REQUIREMENT:
Before returning the data, strip out the pictures and keep everything else exactly the same.

DATA SECTION:
*****

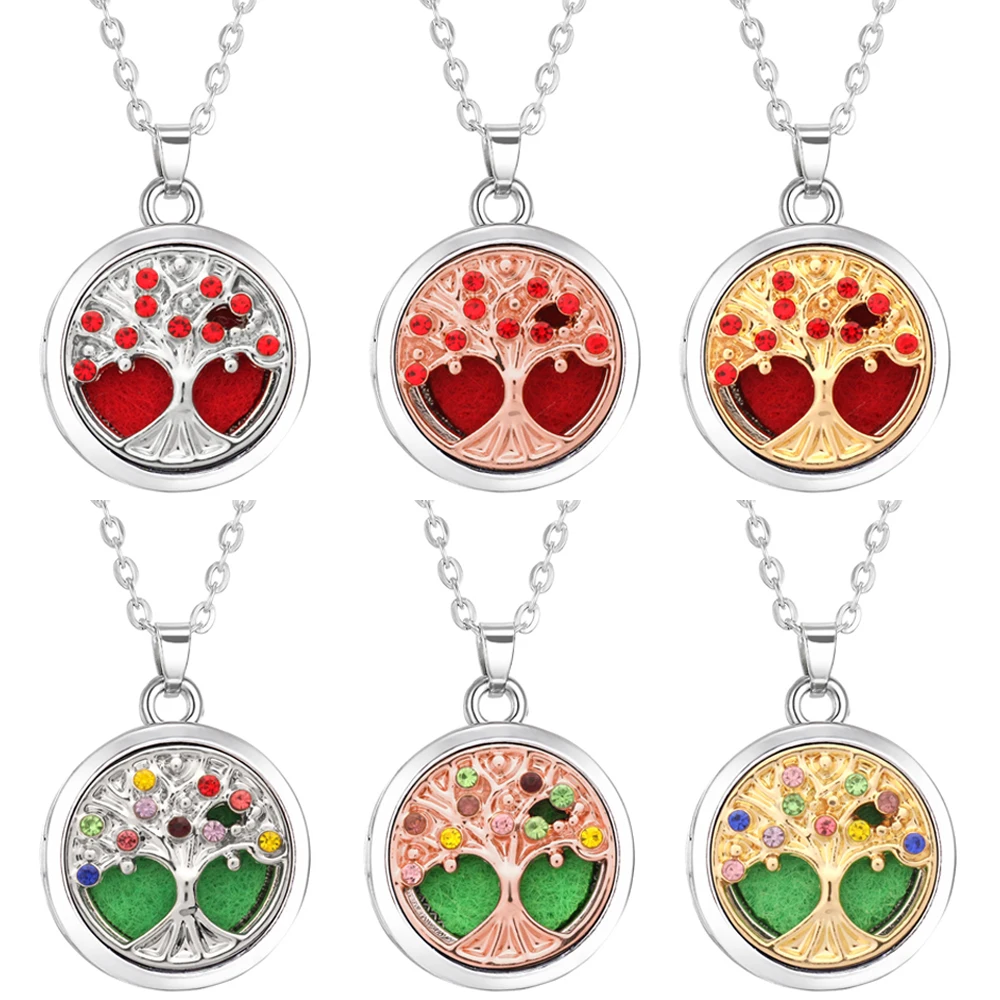 

2024 New Crystal Tree of Life Aromatherapy Necklace Essential Oil Diffuser Perfume Locket Pendant Necklace Tree of Life Jewelry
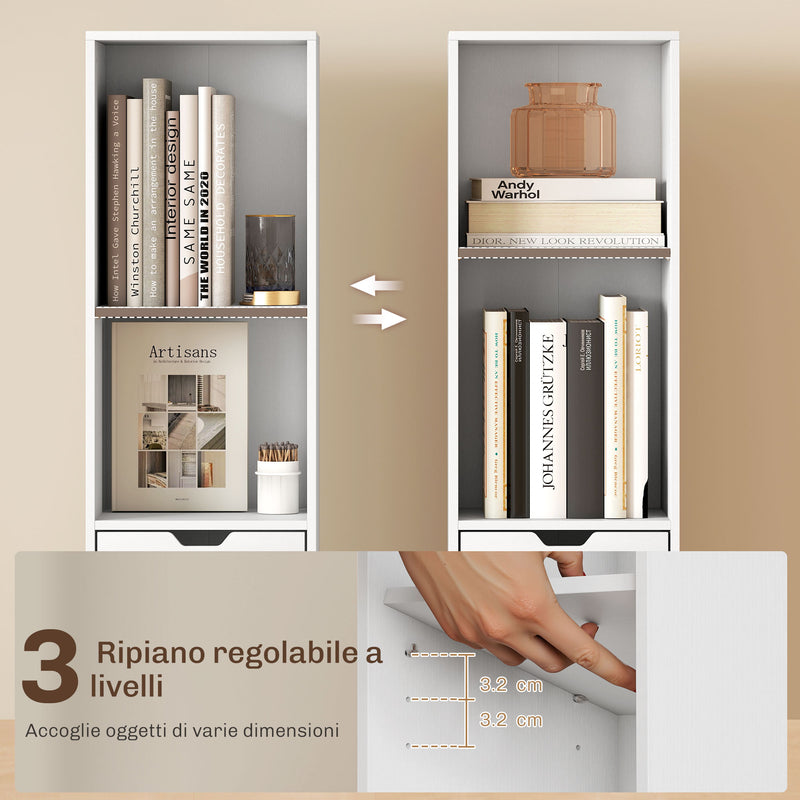 Scaffale Libreria 30x24x158 cm a 4 Ripiani Aperti con Armadietto e Cassetto in Legno Bianco      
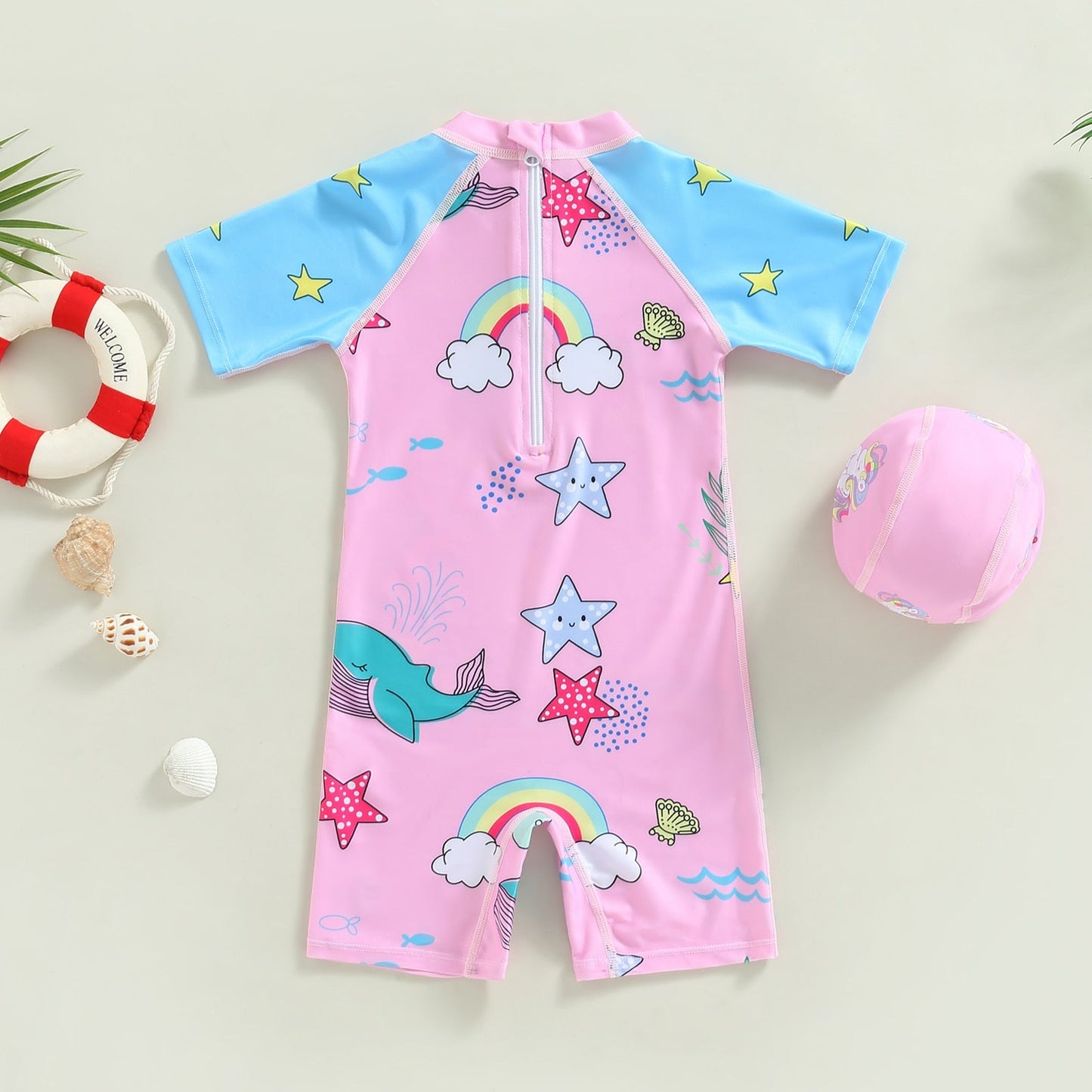 Conjunto de Banho Infantil Feminino Com Proteção UV VB0045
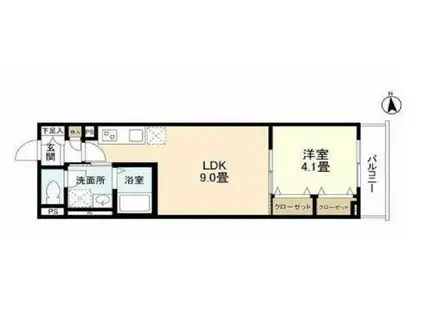 ウェルスクエア馬込(1LDK/1階)の間取り写真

*****

RESULT OF THE TASK:
2024 New Crystal Tree of Life Aromatherapy Necklace Essential Oil Diffuser Perfume Locket Pendant Necklace Tree of Life Jewelry
 Scaffale Libreria 30x24x158 cm a 4 Ripiani Aperti con Armadietto e Cassetto in Legno Bianco      
 Conjunto de Banho Infantil Feminino Com Proteção UV VB0045
 ウェルスクエア馬込(1LDK/1階)の間取り写真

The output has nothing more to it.